> [What to work on]: Restate each line below word for word, skipping every picture.

> [Collected data]:
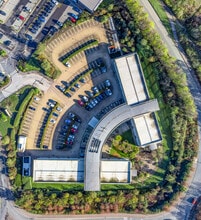 Cygnet Rd, Peterborough, CAM - Aerial  map view - Image1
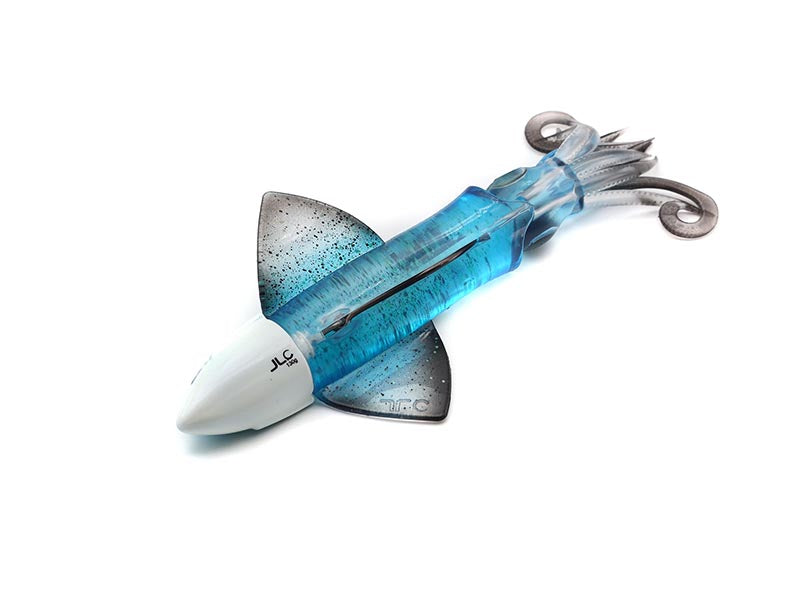 Xipi EVO JLC Édition Limitée Lowrance Bleu/Glow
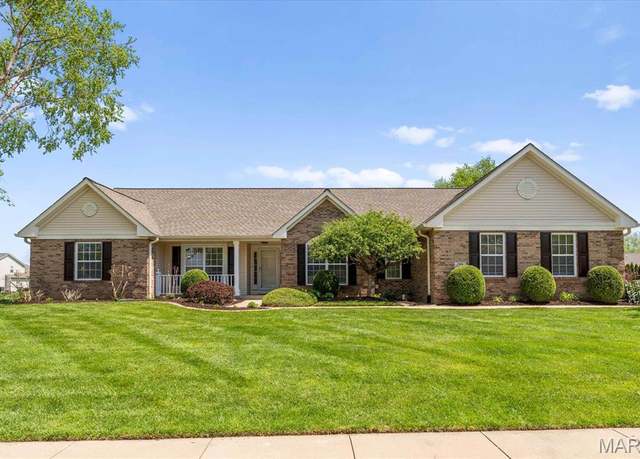 Property at 788 Greystone Pl, O'fallon, IL 62269, 3 beds, 2 baths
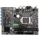 Материнская плата Spot computer B250 с разъемами для видеокарт pcie и USB3.0 1151 интерфейс DDR4 поколения 8P 6P mini 3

> [Your solution]:
 Cygnet Rd, Peterborough, CAM - Aerial  map view - Image1
 Xipi EVO JLC Édition Limitée Lowrance Bleu/Glow
 Property at 788 Greystone Pl, O'fallon, IL 62269, 3 beds, 2 baths
 Материнская плата Spot computer B250 с разъемами для видеокарт pcie и USB3.0 1151 интерфейс DDR4 поколения 8P 6P mini 3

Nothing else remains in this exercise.